6.5 Implementation sketch¶

@classmethod
def from_yaml(cls, path: str | Path) -> RegistryConfig:
    try:
        from yaml import safe_load
    except ImportError:
        try:
            from ruamel.yaml import YAML
            _yaml = YAML(typ="safe")
            safe_load = _yaml.load
        except ImportError:
            raise ModuleNotFoundError(
                "YAML support requires pyyaml or ruamel.yaml. "
                "Install with: pip install pyyaml"
            ) from None

    with open(path) as f:
        data = safe_load(f)

    if not isinstance(data, dict):
        raise TypeError(f"Expected YAML mapping at top level, got {type(data).__name__}")

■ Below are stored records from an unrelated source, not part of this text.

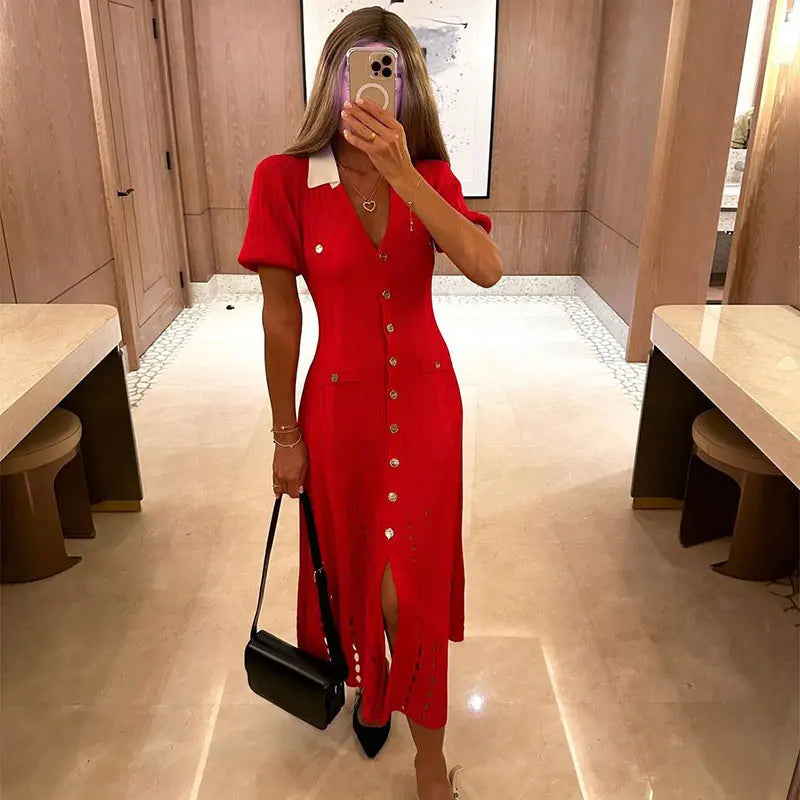 Contrast Single Breasted Knitted Dress For Women.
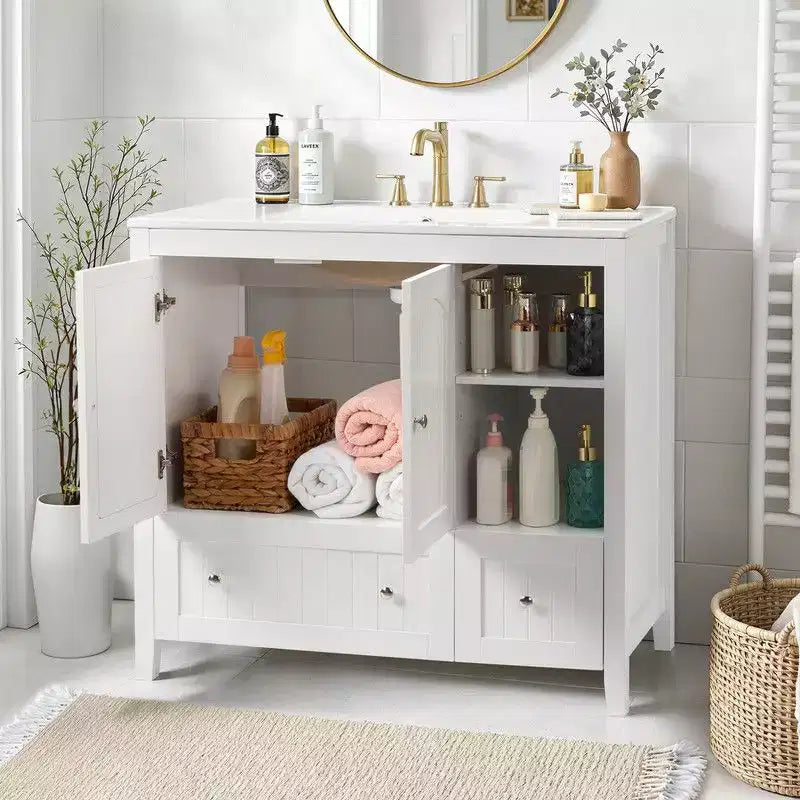 Meuble-lavabo Karl Home blanc sans plateau ni lavabo
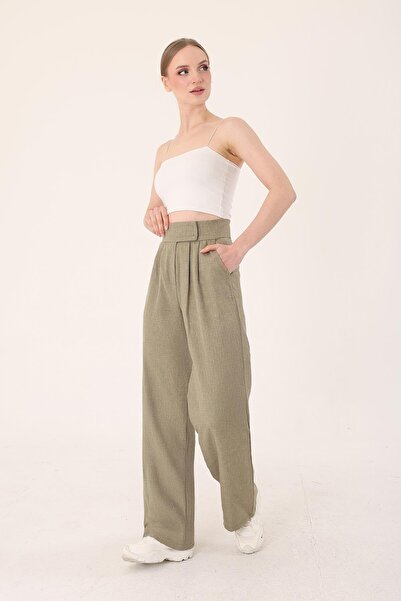 Hazel Women's Khaki Velcro Linen Palazzo Trousers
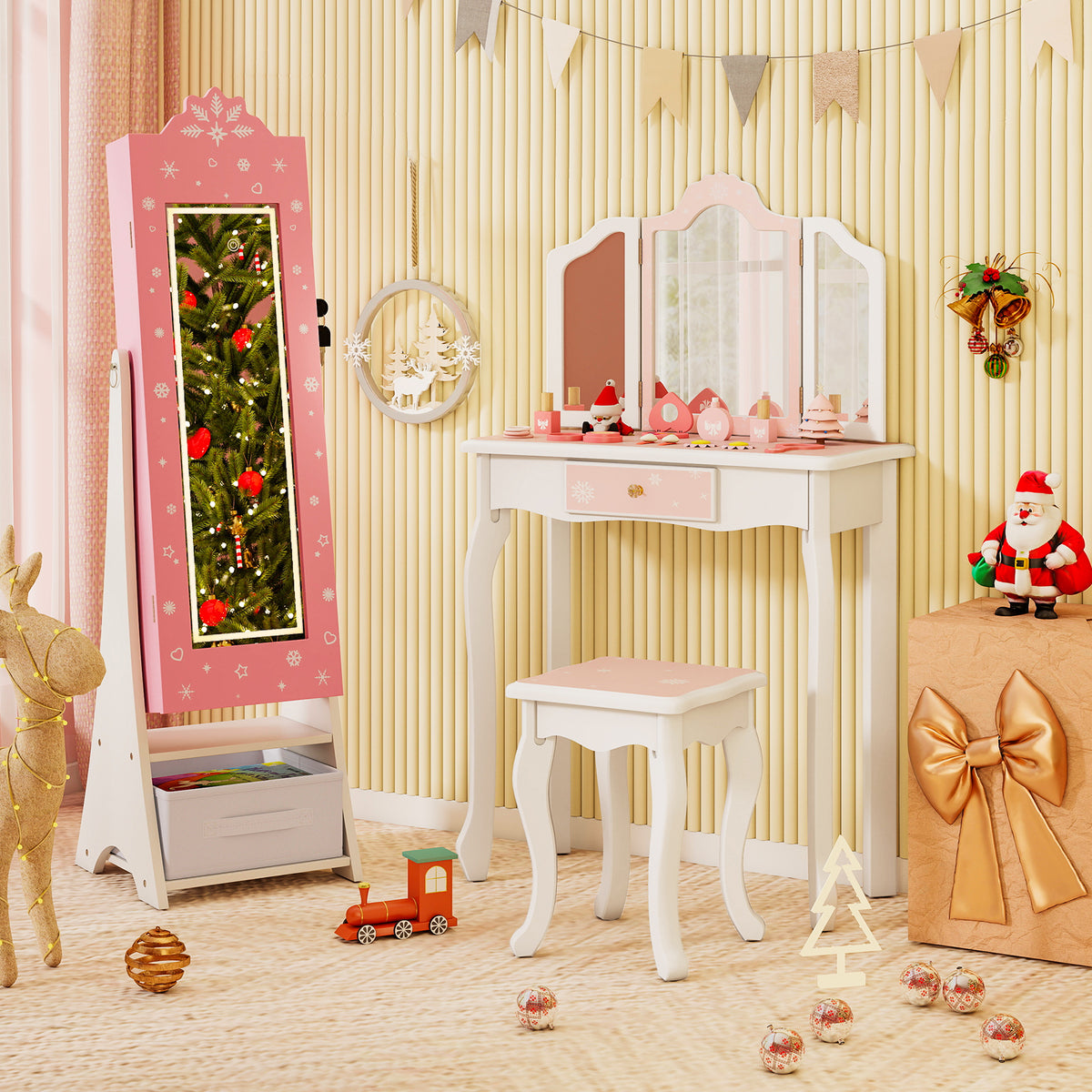 Kids Jewelry Armoire with Lighted Full-Length Mirror - Snow Pink Variation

    return cls.from_dict(data)

~20 lines. Delegates to from_dict().

6.6 YAML pitfalls for config files¶

Pitfall	Impact on remote-store	Mitigation
`yes`/`no`/`on`/`off` parsed as booleans (YAML 1.1)	Port numbers like `port: 22` are fine; string values that happen to match YAML boolean literals would be silently coerced. Import precedence interaction: since pyyaml (YAML 1.1) takes priority over ruamel.yaml (YAML 1.2) in our import chain (§6.2), a user who specifically installed ruamel.yaml expecting YAML 1.2 strictness (no implicit boolean coercion) will get pyyaml behavior silently if both are installed. The implementation spec should document this precedence prominently in the `from_yaml()` docstring and consider adding a `parser` parameter (e.g., `parser="ruamel"`) for users who need YAML 1.2 semantics.	Document: always quote string values that could be ambiguous. Document import precedence in `from_yaml()` docstring.
Enum values loaded as raw strings	`host_key_policy: "strict"` loads as a Python `str`, but `SFTPBackend` expects a `HostKeyPolicy` Enum. The `from_dict()` → `factory(**options)` pipeline passes strings through without coercion, causing silent failures (see §4.4).	Implement string→Enum coercion in `SFTPBackend.__init__`
The Norway problem — bare `NO` is parsed as `false` in YAML 1.1	Country codes, region names, or any short string matching YAML 1.1 boolean literals (`NO`, `YES`, `ON`, `OFF`) silently become booleans. This caused real bugs in npm package country-code lists and GitHub Actions workflows.	Always quote string values. This is a concrete argument for TOML's stricter typing — TOML has no implicit boolean coercion, making it the safer default for config files.
Indentation errors silently change structure	Could produce malformed config	`from_dict()` validation catches invalid structures
No native type distinction (everything is a string without explicit tags)	Numbers and booleans auto-convert, which is actually desirable for our schema	Non-issue
`yaml.load()` is unsafe	Remote code execution if using untrusted input	Always use `safe_load()` — enforced in our implementation

6.7 Assessment¶

Criterion	Rating	Notes
Implementation effort	Very low	~20 lines wrapping `from_dict()`
Dependency cost	Optional `pyyaml`	Ubiquitous, likely already installed
User demand	Medium	YAML is common but less so in Python-native tooling
Risk	Low	`safe_load()` mitigates security; `from_dict()` validates
Multi-backend support	Natural	YAML mappings are dicts

7. ID-003: Pydantic `BaseSettings` Integration¶

7.1 Why Pydantic¶

Pydantic BaseSettings (from pydantic-settings) provides:

Env-var binding: Fields automatically populate from environment variables.
.env file support: Load from .env files.
Type validation: Constructor-time validation with clear error messages.
Nested model support: env_nested_delimiter for APP__DB__HOST=....
Built-in file sources: TomlConfigSettingsSource, YamlConfigSettingsSource, JsonConfigSettingsSource.
Source priority customization: Init > CLI > env > .env > file > secrets > defaults.
Docker secrets: secrets_dir='/run/secrets'.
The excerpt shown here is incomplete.